The joke’s on me these days because she can make some kick-ass cookies (she’s not always healthy).

The other wonderful thing about my friendship with S. is that we’re always in sync.  We’ll often email/call/text the other when she’s thinking of us- it’s that weird ESP-telepathy thing that women develop between themselves when they’re close.  Often when one of us is struggling with a particular situation, the other one is going through something similar.  And sometimes it’s just funny.  S. taught me how to make this cornbread once when I was visiting.  It was delicious and I make it often.  Last year I made it for the first time in a while and after I got it in the oven, I sat down to check my email.  One came in while I was checking, from S, asking me if I could send her the recipe since she was at her cousin’s house and wanted to make it.  See?  Telepathy!

Old  Friend Cornbread

I’ve never, ever been able to make cornbread.  Which has always made me feel a bit dumb—I can make Beef Wellington, cook for 200 with ease and improvise with the best of them but something as simple as cornbread eluded me.  Luckily, S saved me.  The following recipe is delicious and I’ve been able to emulate it many times.  Of course, the first few times I made it, it was awful because I was using baking soda instead of powder.  See?  The cornbread gods hate me.  Luckily, S corrected me and once again saved my cornbread from disaster.

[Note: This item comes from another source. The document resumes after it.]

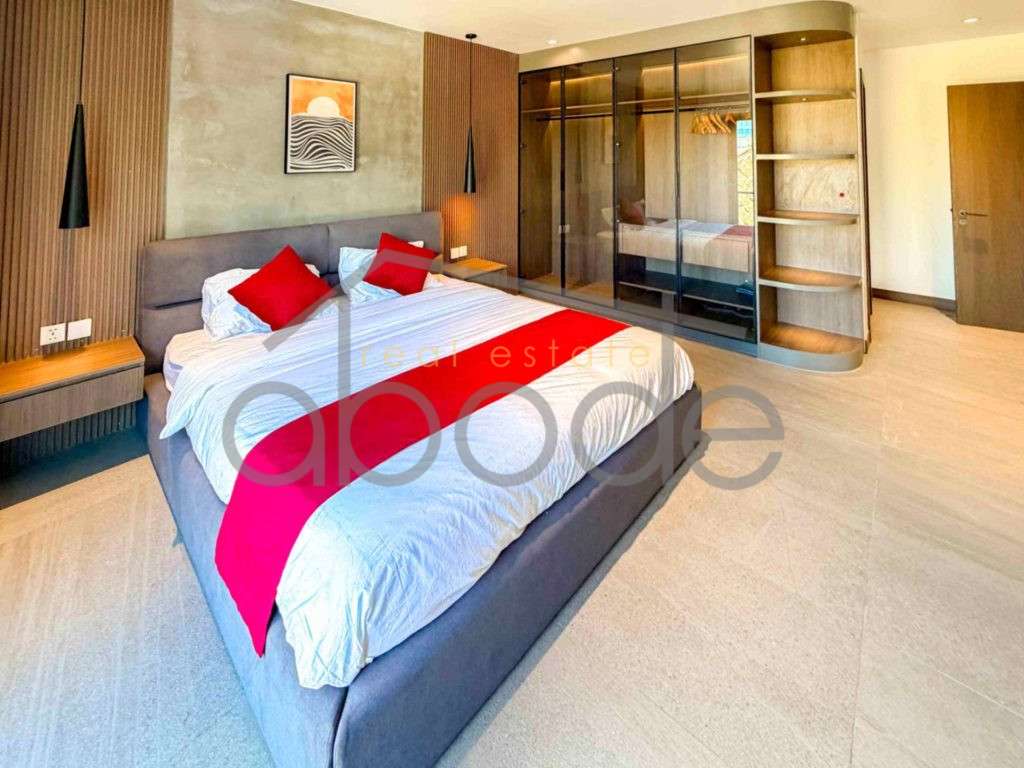 3 bedroom apartment for rent Daun Penh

This recipe makes an extremely large pan of cornbread- lasagna sized pan.  I tend to halve it and make an 8 inch square size since that’s a more reasonable amount of cornbread for us.  If you’re serving many (when the whole S family is together it’s something like 11 people, minimum), go ahead and make the full recipe I’m giving you here.


4 c. flour

2 c. yellow cornmeal

1 ½ c. white sugar (although we’ve used brown as well and it’s been delicious)

1 tsp. salt

2 tb baking powder

4 eggs

3 c. buttermilk

2 ½ tb vegetable oil

½ c. butter, melted



Preheat oven to 350 degrees.  Sift your flour, cornmeal, sugar, salt and baking powder.  You know me, lazy, so I whisk them together rather than sift.

Stir in the eggs, buttermilk and oil.  I used a whisk but a spoon might actually work better- I switched halfway through.

As you stir, it will come together but be a bit rough and sort of sticky and dry-ish.

At this point, add the melted butter and mix to combine.  It will smooth out and moisten the batter.

Pour into a greased pan and bake for about 30-40 minutes (for 8 inch pan), about an hour to an hour fifteen for a larger pan.

It’s done when the top is sort of crackly and a toothpick inserted in the middle comes out clean.

2 thoughts on “Old Friend Cornbread

  1. wonderful! BUT – you need to branch out to other cornbreads – the original varieties – which were almost always cooked in a cast ion skillet in the oven. You make that batter, heat some oil in your frying pan, and pour the batter into the sizzling oil and bake. . .it doesn’t get a whole lot better than that1 I also make a corn batter-bread – which is a bit softer and less crumbly, but cooked in the same way.

    Sorry I have been away. i’m trying to make my regular rounds again.

  2. Hi Paula! I have had the other kinds but am sticking with this one as it is for me foolproof. Plus, can you believe that I don’t own an iron skillet?!